Es gibt zwar journalistische Organisationen auf Taiwan, wie den Nationalen Presserat (National Press Council), doch diese werden von Reportern als nutzlos betrachtet. "Ja, wir haben einen Nationalen Presserat - aber was macht der denn?" will Chou Yu-kou von der United Daily News wissen. "Probleme wieder und wieder bereden, das können sie, bringen aber keine Regulierung der Zeitungsbranche zustande." Lin Chien-lien ist hinsichtlich der Auswirkungen einer solchen neuen Organisation pessimistisch. Er fragt: "Was, wenn noch eine gegründet wird? Die Frage ist: Wie steht es mit der Vertrauenswürdigkeit der Mitglieder? Brauchen wir nicht darüber hinaus wieder ein anderes Gremium, um deren Tätigkeit zu überwachen? Ich glaube, in einer chinesischen Gesellschaft, wo traditionell eine Hand die andere wäscht, ist die Existenz einer unparteilichen, regulierenden Presseorganisation schlicht unmöglich."
Lin setzt, und damit ist er nicht allein, seine Hoffnung statt dessen in die Leser, deren Meinung in der gewinnorientierten Presselandschaft von heute am meisten zählt. Die Erwartungen der Öffentlichkeit sind gegenwärtig höher gesteckt als vor fünf Jahren. Die Leserschaft ist in größerem Maße imstande, Qualität und Glaubwürdigkeit der Presse einzuschätzen und verleiht ihrer Kritik auch Ausdruck, wie aus den jetzt in jedem Blatt zu findenden Leserbriefen klar ersichtlich ist. Die Leserschaft übt in dieser Übergangszeit zu einer freien Presse überhaupt einen wertvollen Einfluß aus. "Vielleicht kann das mißbilligende Feedback der Leser sich so stark auswirken, daß Zeitungen zu Disziplin und Selbstkontrolle veranlaßt werden und indirekt dadurch auch die Berichterstattung Verbesserungen erfährt", hofft Lin.

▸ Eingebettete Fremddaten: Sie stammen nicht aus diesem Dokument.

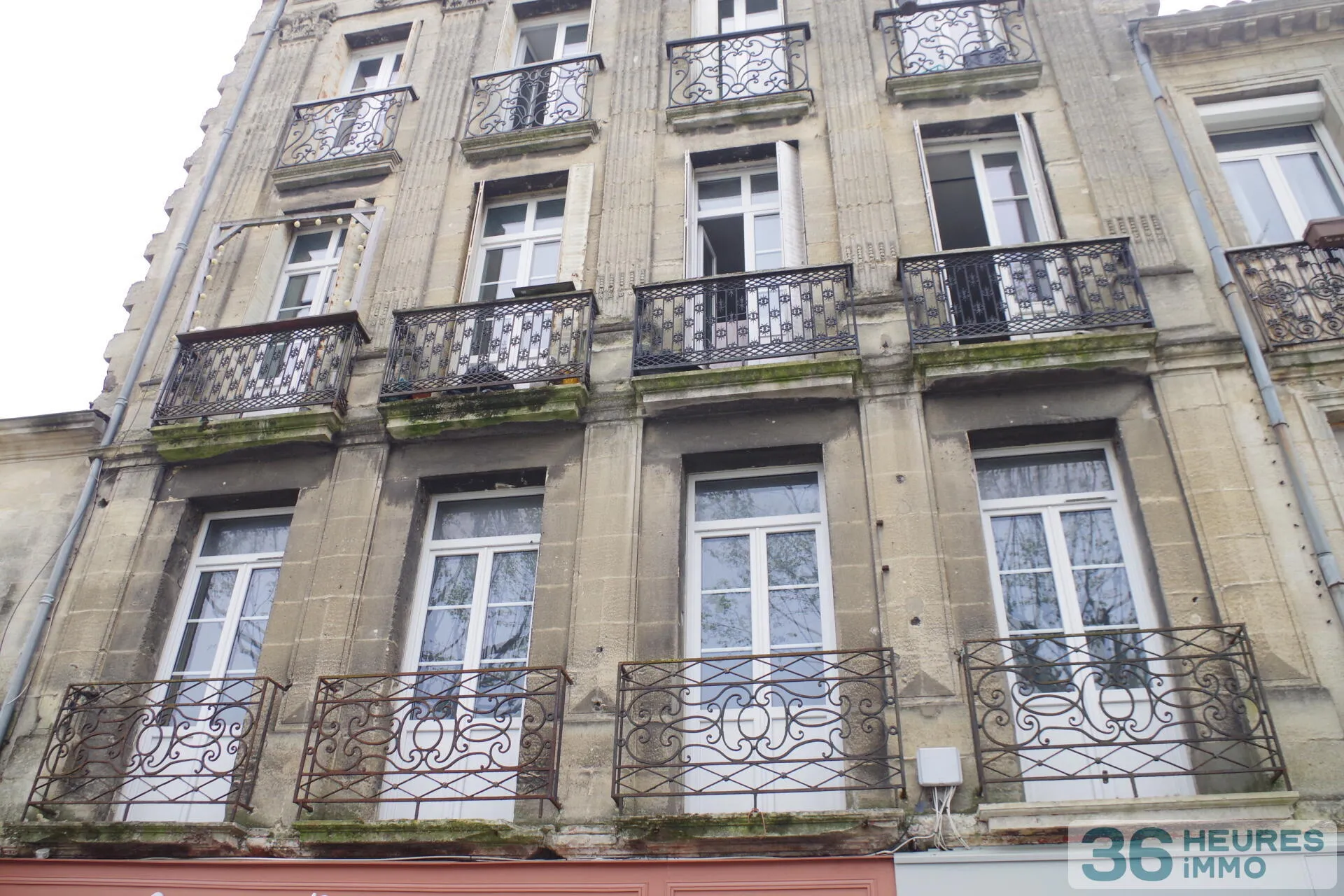 Immeuble à Bordeaux — vignette 3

"Seit Aufhebung der Beschränkungen waren Regierung, Publikum und Zeitungen darum bemüht, sich in die neuen Umstände einzuleben", so Hu Yuan-hui von der Independence Morning Post. "Die Leserschaft muß sich erst an die liberale Atmosphäre gewöhnen, trägt aber gleichzeitig zur Überwachung des Zeitungsapparates und seiner Aktivitäten bei. In der Vergangenheit beklagten sich die Leser nicht unbedingt über schlechte Berichterstattung. Doch nun ertönt Kritik laut und kräftig.